There are two frontrunners in opposition to the Quebec Ministry of Transport’s reconstruction plan for the Turcot: Turcot 375 and the City of Montreal. Though the Turcot 375 plan to increase public transport and create a 75 hectares urban park at the foot of the Saint-Jacques escarpment seems promising, I admit to being a little underwhelmed by the video.



 

The City of Montreal’s plan won me over however with the construction of a new tramway linking downtown to Lachine and LaSalle, a new park to “preserve and enhance the Saint-Jacques escarpment” and a residential area which will “favour quality architecture, given the high visibility of both sites”. The artist rendering of Parc de la falaise presented a less abstract vision than the futuristic video. I can simply see myself living in this area: it brought it down to human scale — the pedestrian, the cyclist. Montreal 2025 successfully used the picturesque and the lure of green spaces as a strategy.

Montréal 2025

As an entry point into the city, the City of Montreal’s plan shapes that first impression of the cityscape. A major regreening effort paired with the Turcot reconstruction would invariably promote active communities by way of cycling and walking trails and encourage public transport. By its placement, it would also create a green corridor that links Atwater market to Lachine. Montreal often boasts of its green spaces in tourism brochures, but the reality is that the ratio of green spaces on the island is quite low. One just needs to look at satellite view in Google maps to see the small isolated parcels of green.

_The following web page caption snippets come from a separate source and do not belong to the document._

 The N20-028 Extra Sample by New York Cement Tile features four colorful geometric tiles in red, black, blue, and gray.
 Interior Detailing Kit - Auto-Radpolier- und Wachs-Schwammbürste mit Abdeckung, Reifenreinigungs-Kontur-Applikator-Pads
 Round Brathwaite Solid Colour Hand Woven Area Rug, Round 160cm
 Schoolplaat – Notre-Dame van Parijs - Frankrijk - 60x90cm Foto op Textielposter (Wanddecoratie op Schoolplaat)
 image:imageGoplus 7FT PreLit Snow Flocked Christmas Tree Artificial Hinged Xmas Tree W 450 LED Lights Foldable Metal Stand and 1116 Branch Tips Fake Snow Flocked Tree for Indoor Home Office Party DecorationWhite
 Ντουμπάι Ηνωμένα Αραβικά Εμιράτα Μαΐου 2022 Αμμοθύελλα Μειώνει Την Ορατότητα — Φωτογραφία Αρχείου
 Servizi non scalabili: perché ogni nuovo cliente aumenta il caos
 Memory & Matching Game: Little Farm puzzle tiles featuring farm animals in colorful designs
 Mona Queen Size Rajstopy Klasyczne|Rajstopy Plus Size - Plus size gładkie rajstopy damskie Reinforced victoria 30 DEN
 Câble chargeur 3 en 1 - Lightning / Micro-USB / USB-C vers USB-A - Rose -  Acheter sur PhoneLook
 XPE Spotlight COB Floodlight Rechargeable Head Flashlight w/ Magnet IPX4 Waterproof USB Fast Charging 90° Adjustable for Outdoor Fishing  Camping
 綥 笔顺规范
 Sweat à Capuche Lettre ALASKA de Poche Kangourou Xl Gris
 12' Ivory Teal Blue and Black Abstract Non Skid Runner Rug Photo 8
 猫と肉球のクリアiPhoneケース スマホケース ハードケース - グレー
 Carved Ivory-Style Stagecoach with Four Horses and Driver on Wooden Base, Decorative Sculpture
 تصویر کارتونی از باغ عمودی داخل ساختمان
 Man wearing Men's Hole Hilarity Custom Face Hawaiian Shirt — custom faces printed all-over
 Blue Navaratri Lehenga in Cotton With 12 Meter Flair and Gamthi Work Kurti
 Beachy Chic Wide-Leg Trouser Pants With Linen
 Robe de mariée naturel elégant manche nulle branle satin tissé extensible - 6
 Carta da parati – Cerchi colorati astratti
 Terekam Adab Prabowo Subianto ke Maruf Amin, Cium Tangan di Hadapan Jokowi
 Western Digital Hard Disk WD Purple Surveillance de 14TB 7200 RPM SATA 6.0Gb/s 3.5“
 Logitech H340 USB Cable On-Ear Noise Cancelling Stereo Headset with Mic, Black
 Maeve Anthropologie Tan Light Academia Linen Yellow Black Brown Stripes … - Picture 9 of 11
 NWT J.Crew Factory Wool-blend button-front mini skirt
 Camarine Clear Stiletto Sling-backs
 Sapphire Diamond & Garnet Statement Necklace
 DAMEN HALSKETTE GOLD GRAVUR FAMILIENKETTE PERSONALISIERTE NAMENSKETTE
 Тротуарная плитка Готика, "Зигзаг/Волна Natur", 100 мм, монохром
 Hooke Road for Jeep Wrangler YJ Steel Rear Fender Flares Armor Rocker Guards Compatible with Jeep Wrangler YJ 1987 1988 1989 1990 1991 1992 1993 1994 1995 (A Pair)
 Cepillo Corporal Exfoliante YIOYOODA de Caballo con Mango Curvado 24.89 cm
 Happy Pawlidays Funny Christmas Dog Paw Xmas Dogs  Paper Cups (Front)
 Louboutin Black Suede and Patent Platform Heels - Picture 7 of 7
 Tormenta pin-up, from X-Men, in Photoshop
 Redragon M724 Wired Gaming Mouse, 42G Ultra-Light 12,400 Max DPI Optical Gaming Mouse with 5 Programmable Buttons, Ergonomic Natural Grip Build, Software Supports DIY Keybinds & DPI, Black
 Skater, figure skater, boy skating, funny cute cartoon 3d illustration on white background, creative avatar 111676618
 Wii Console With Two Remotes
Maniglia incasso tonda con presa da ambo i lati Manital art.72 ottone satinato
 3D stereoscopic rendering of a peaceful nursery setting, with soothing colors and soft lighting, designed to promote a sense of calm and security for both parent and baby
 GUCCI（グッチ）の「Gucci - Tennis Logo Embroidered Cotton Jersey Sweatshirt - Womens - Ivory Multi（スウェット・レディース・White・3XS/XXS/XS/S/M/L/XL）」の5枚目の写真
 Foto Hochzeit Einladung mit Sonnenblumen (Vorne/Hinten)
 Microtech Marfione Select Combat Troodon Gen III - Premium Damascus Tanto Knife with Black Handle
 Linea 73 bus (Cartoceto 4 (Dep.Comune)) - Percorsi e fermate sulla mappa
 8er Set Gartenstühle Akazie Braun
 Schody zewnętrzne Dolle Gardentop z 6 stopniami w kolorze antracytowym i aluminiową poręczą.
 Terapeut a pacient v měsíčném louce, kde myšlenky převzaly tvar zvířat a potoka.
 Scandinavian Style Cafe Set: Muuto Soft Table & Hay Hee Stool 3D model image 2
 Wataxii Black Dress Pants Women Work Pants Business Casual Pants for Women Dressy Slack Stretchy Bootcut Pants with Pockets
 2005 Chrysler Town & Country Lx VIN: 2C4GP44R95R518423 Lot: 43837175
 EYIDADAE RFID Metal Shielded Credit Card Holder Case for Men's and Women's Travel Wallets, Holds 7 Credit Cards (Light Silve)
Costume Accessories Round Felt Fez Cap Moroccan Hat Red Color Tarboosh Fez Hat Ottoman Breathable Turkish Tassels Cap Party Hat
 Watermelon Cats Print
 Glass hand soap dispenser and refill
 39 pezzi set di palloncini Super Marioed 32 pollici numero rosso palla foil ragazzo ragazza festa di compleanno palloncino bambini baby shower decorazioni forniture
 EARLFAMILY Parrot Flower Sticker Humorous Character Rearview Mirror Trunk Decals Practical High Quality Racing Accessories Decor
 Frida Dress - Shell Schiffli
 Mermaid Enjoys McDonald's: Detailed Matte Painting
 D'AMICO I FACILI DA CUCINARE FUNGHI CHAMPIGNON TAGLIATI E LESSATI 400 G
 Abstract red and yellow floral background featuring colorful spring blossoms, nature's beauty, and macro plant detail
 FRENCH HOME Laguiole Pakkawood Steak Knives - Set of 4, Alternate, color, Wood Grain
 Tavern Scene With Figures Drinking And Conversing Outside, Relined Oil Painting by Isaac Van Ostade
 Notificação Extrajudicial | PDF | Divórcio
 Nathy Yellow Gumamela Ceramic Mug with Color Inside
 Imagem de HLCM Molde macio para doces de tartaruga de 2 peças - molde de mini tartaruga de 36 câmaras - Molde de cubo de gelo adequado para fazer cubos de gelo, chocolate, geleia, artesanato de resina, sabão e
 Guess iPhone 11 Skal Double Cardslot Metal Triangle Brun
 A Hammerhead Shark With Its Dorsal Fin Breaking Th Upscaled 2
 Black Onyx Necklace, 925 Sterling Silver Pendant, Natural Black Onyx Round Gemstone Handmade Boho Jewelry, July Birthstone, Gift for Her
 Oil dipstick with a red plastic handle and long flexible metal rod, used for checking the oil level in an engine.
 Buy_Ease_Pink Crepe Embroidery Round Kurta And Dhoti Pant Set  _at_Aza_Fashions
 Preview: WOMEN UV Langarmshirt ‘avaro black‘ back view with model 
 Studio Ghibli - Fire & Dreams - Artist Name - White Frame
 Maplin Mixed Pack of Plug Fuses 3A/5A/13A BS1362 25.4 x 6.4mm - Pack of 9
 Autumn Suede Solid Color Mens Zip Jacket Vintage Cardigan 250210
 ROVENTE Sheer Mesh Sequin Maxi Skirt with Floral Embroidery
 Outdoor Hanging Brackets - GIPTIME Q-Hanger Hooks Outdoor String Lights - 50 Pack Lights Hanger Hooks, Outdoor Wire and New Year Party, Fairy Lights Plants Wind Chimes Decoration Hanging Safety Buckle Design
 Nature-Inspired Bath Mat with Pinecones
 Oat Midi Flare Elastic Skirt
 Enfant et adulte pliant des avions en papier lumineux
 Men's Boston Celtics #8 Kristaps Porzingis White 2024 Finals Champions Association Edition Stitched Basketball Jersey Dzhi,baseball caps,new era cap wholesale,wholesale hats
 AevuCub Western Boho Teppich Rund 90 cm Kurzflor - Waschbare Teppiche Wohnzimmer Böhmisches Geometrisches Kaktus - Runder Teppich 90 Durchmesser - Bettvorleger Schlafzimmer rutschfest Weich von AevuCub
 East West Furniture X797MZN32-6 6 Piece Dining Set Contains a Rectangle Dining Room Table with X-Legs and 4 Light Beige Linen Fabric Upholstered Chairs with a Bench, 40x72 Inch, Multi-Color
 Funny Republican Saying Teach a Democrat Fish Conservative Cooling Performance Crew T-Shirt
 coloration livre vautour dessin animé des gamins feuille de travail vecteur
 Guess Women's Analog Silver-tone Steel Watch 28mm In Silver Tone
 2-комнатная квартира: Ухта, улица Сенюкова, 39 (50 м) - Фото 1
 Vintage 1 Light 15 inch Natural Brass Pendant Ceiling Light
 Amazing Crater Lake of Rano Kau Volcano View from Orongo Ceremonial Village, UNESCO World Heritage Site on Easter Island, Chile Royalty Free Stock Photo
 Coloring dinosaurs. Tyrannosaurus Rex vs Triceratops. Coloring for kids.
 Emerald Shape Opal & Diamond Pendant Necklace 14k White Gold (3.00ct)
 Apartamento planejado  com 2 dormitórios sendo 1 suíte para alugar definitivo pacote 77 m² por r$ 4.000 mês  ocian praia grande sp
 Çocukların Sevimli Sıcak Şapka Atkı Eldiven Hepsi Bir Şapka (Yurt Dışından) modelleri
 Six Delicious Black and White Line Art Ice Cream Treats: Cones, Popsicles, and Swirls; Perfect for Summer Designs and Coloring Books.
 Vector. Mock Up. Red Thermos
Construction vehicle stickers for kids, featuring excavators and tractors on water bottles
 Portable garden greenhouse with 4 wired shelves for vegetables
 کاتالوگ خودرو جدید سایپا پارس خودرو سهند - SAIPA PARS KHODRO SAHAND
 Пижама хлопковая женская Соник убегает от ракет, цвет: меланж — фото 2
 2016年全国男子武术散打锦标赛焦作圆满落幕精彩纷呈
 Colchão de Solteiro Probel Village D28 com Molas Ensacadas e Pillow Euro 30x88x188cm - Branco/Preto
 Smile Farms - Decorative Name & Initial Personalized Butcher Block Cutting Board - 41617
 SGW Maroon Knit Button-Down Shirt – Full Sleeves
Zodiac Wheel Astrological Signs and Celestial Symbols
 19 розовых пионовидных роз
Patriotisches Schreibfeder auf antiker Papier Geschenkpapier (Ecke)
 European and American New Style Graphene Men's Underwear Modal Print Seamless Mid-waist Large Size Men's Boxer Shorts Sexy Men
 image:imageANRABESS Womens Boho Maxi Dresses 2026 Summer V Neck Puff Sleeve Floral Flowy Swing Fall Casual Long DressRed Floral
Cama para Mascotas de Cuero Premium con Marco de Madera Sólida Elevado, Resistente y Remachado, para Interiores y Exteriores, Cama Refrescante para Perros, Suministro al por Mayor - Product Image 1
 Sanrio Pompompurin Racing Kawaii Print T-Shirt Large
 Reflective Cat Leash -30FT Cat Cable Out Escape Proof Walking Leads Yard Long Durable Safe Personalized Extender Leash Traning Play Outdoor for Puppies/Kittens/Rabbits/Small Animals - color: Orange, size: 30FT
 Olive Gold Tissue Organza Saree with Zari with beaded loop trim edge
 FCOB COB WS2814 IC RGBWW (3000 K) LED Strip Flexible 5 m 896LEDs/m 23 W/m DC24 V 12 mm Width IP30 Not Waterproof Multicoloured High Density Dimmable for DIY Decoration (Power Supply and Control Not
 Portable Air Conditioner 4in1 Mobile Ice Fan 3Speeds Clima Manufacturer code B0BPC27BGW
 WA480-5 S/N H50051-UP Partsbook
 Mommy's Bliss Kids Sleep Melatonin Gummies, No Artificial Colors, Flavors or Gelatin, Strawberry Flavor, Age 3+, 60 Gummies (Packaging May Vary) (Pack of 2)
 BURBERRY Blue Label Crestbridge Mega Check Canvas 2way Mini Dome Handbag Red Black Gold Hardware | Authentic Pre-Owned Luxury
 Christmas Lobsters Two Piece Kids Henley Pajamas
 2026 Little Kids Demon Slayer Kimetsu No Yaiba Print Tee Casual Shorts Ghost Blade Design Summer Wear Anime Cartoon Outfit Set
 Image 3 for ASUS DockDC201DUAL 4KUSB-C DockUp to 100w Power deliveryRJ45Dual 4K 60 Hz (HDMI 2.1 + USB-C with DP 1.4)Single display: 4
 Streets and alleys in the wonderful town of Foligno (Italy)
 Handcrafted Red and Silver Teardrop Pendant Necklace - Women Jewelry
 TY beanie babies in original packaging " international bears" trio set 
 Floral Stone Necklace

Like with the Sudbury scenario, planting trees and protecting wetlands can not only help improve air and water quality it can lead to improved quality of life for its residents.

I can't speak with the authority of an urban planner or an environmentalist. I speak simply as a citizen with visions of what my neighbourhood and city could become. Knowing the history of the South West's own "dead lake"or ghost lake, could the city's proposed Parc de la falaise mean a re-appearance of the Lac aux loutres?